**DATA SECTION**
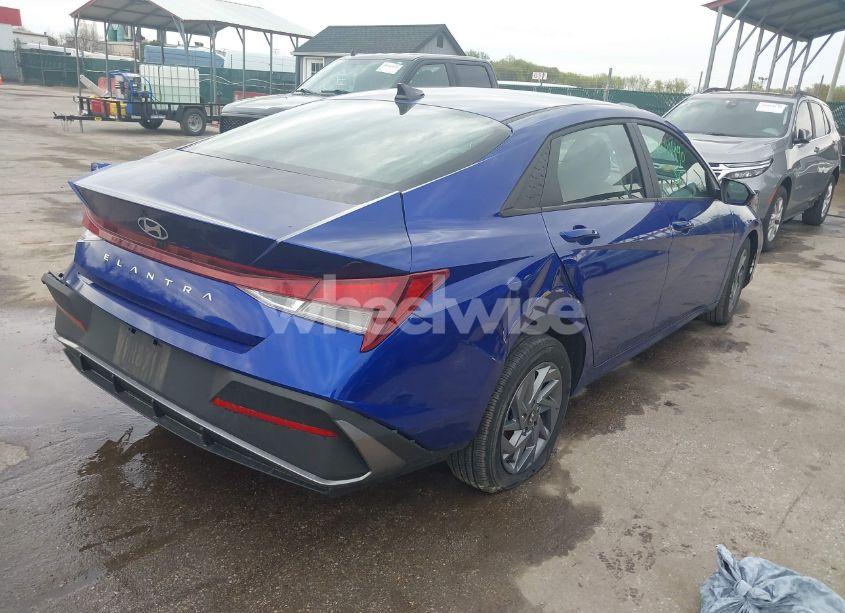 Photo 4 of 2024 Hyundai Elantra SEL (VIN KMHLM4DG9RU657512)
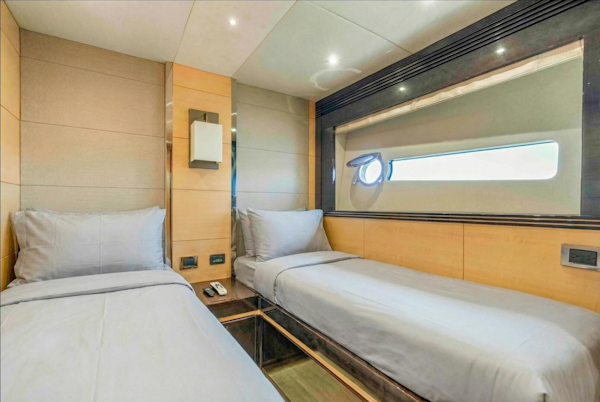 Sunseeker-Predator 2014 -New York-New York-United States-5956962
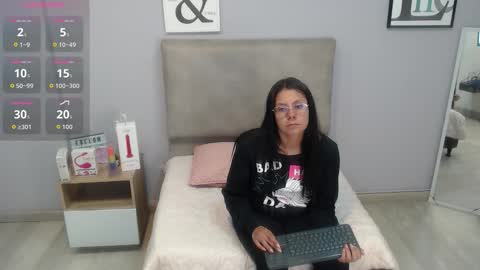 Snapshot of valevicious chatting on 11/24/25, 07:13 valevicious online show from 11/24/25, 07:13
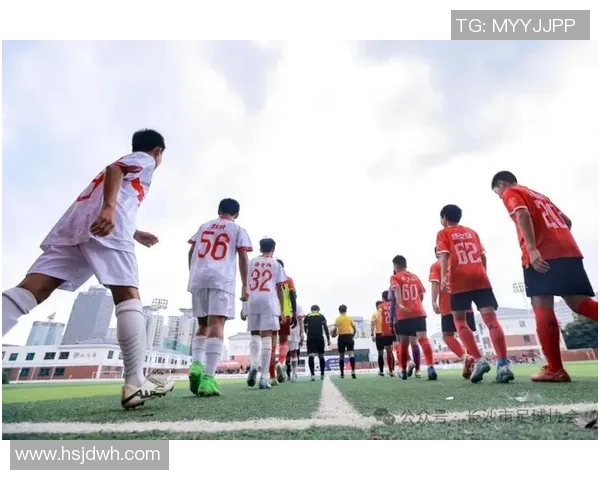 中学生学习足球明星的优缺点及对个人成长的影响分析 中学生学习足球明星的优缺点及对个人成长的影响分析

**YOUR ASSIGNMENT**
Write out exactly the lines from the line that contains "Sunseeker-Predator 2014 -New" through the end of the material, including both ends. No pictures belong in the copy.

**TASK ANSWER**
 Sunseeker-Predator 2014 -New York-New York-United States-5956962
 Snapshot of valevicious chatting on 11/24/25, 07:13 valevicious online show from 11/24/25, 07:13
 中学生学习足球明星的优缺点及对个人成长的影响分析 中学生学习足球明星的优缺点及对个人成长的影响分析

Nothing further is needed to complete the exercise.